Re:W00t (Score:3, Interesting)
In foobar2000 in Windows 7 you can choose Windows Audio Session API (WASAPI), DirectSound or ASIO/Kernel Streaming, and each has different advantages.
Re:W00t (Score:3, Interesting)
Back in KDE 3.x days, NetworkManager was just getting started, and Unbuntu shipped a very bad snapshot of it which prevented network connections.
At the time Unbuntu shipped this broken copy, the KDE NetworkManager group had already shifted dev work to the 4.x series, but Unbuntu didn't ship a 4.x KDE until much later. As a result, Unbuntu's poor QA and packing practices led most people to think that NetworkManager didn't work under KDE, rather than the correct conclusion, which is that Unbuntu didn't do proper QA with its packaging.
The end result for that Unbuntu release was that most KDE Unbuntu users either switched to Gnome, stayed on the previous release, or changed distros to see a working NetworkManager in KDE.
My experiences with this may be anecdotal; however, they are anecdotal as personally experienced at the Houston LUG with literally eight to ten people dragging in broken Kbuntu distros monthly over a period of four or five months.
Re:A Gnome user that wants to give this a try... (Score:2, Interesting)
Mandriva, openSuSE, ArchLinux, PC-BSD
Mandriva and openSuSE are both examples of what can be done with a little bit of integration work. Arch's is a great example of how great KDE is by itself, they don't tinker with the packages, you are getting (for the most part) the exact KDE that the KDE team released. PC-BSD is just awesome.
Kubuntu feels like a secret Gnome plot to make everyone think KDE sucks, it's just a pathetic turd of a clone.
Re:Bug fixed (Score:5, Interesting)
review board isn't about code styles and formatting. Its about seeing what the changes were to the code. Sure, you can use reviewboard for style-based code reviews, but its trivial to also use it for potential code issues. Its really there for an experienced developer to cast his eyes over the changes, and to make sure it doesn't do anything he knows is wrong.
If you're using reviewboard solely for style reviews, its because your development processes havn't yet been printed out, rolled up and shoved into your development manager.
Re:Does it still require you to install a RDBMS? (Score:3, Interesting)
Insane. And it looks like the KDE devs are not even considering making the whole Akonadi and associated daemons mess optional. What happened to good old Kmail?
INSANE.
Re:Does it still require you to install a RDBMS? (Score:3, Interesting)

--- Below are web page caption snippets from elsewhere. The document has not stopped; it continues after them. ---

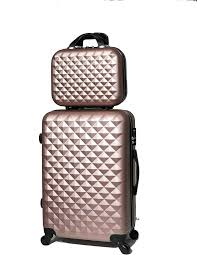 Valise Cabine/Moyenne en Rose Gold avec Vanity - Marque Française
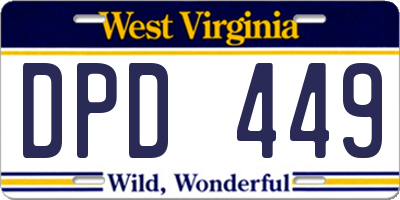 WV license plate DPD449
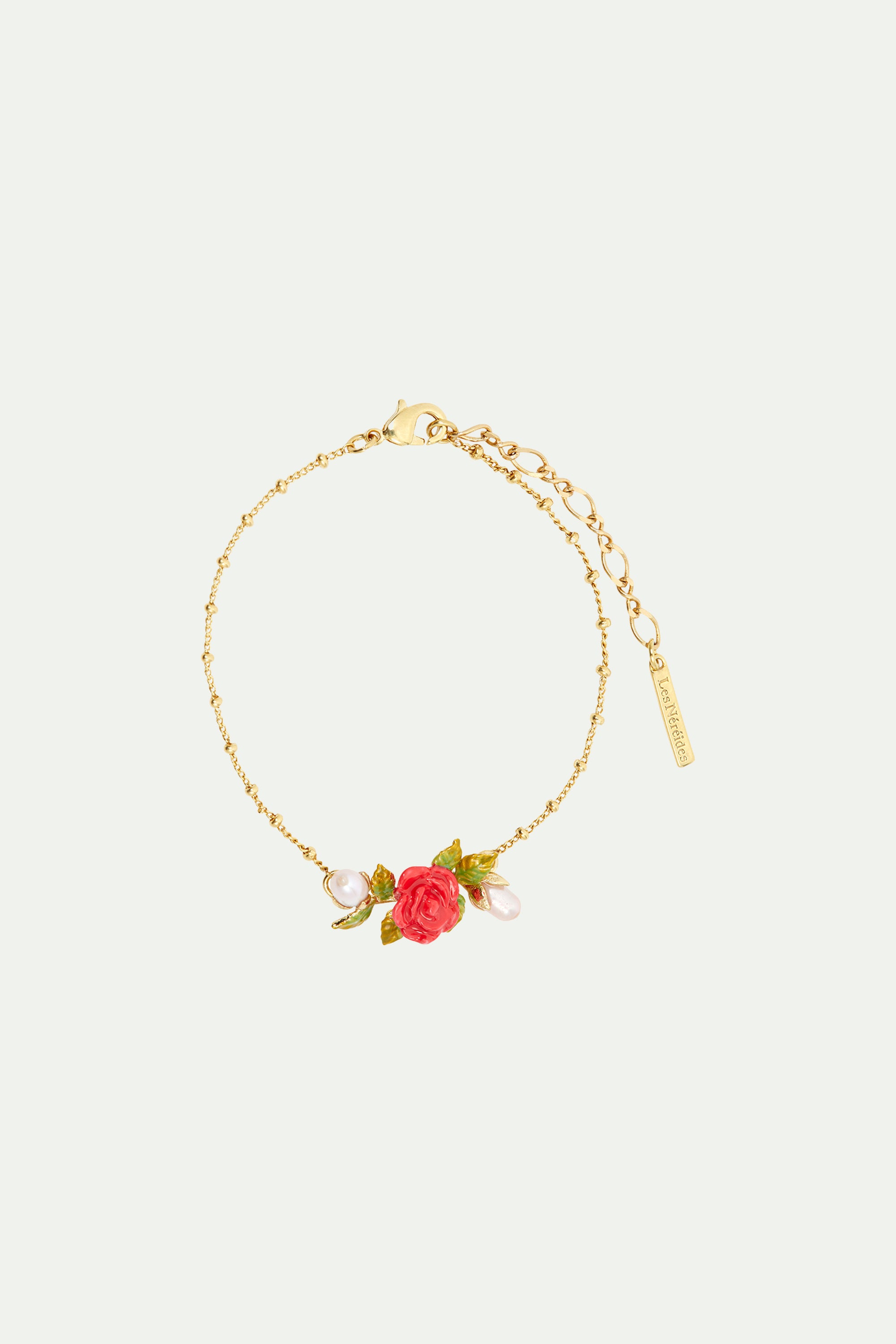 Bracelet fin rose et perles de culture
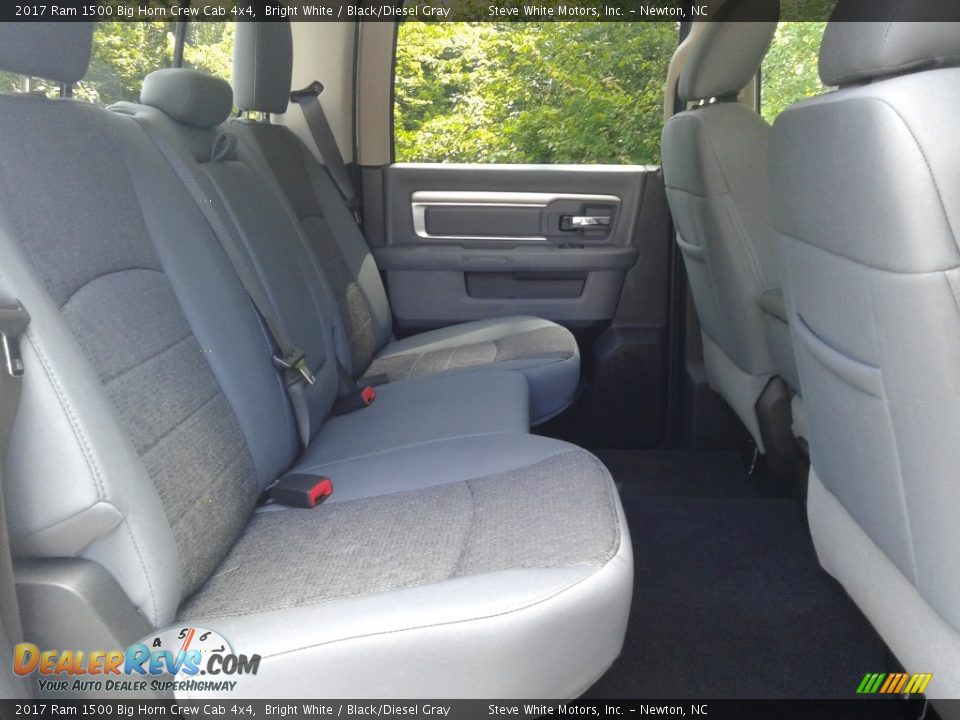 Rear Seat of 2017 Ram 1500 Big Horn Crew Cab 4x4 Photo #16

I disagree about the 'waah, it uses too many resources' as there's plenty of times code is written as cheaply as possible (for the developer, that is) leaving the users to pick up the tab. The cost-basis of coding *should* be the other way round, but I guess that's just my ideal.
However, in this case it looks like Akonadi has used a DB to store its cache instead of a simpler, internal, construct. Or a sqlite DB, which is very suited for this task. Whether the developer didn't know about serialising a key-value collection, didn't know about sqlite, needs something in MySQL that no other app provides, or just didn't care remains to be determined. Either way, MySQL is probably an inefficient use of resources that could be better dealt with. Let me put it another way, the developer could have mandated Oracle instead of MySQL, you wouldn't be happy then!

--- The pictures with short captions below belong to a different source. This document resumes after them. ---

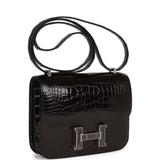 Luxury Hermes Constance 18 Black Shiny Alligator Palladium Tiger's Eye Hardware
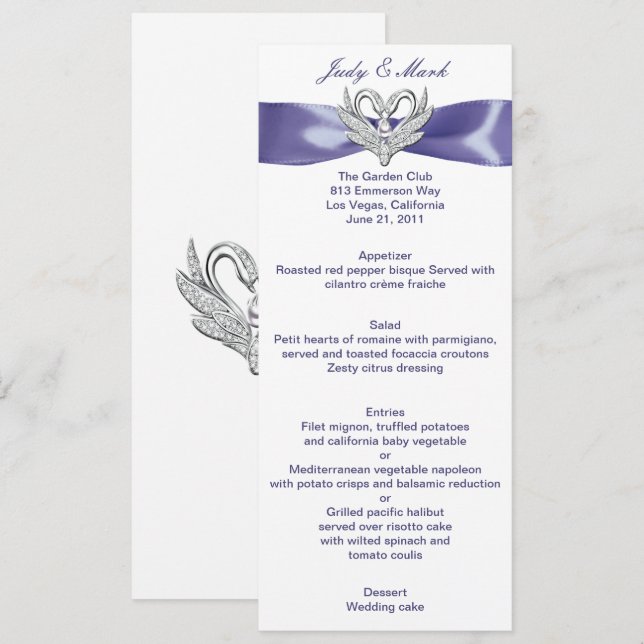 Purple Blue Silver Swans Wedding Menu Card (Front/Back)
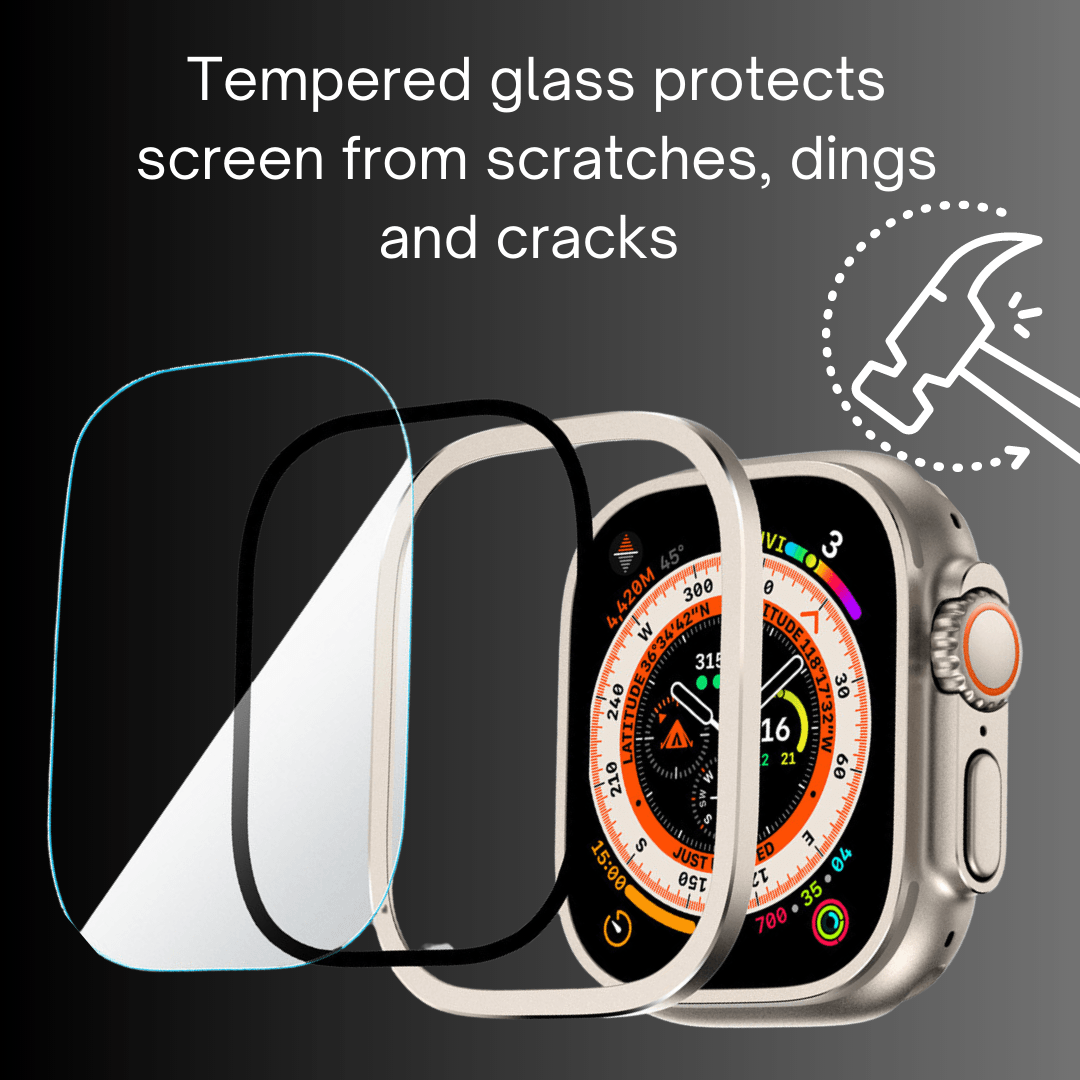 Screen Protector for Apple Watch Ultra 2 - Tempered Glass Screen and Frame Bezel Protector (2-Pack)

The problem with 'you have so many resources, so who cares' gives you the Windows syndrome - fine, your 1 app works (once its loaded all its bulk into memory), but once you start doing more than one thing, possibly at the same time, you start to realise why you want each of those fat apps to be a bit leaner and efficient.
The goal of more efficient use of resources, rather than whatever happens to be easiest, is something that needs to be kept at the forefront of developer's minds. It won't always be used, won;t always be appropriate, but we need to keep reminding ourselves to try harder.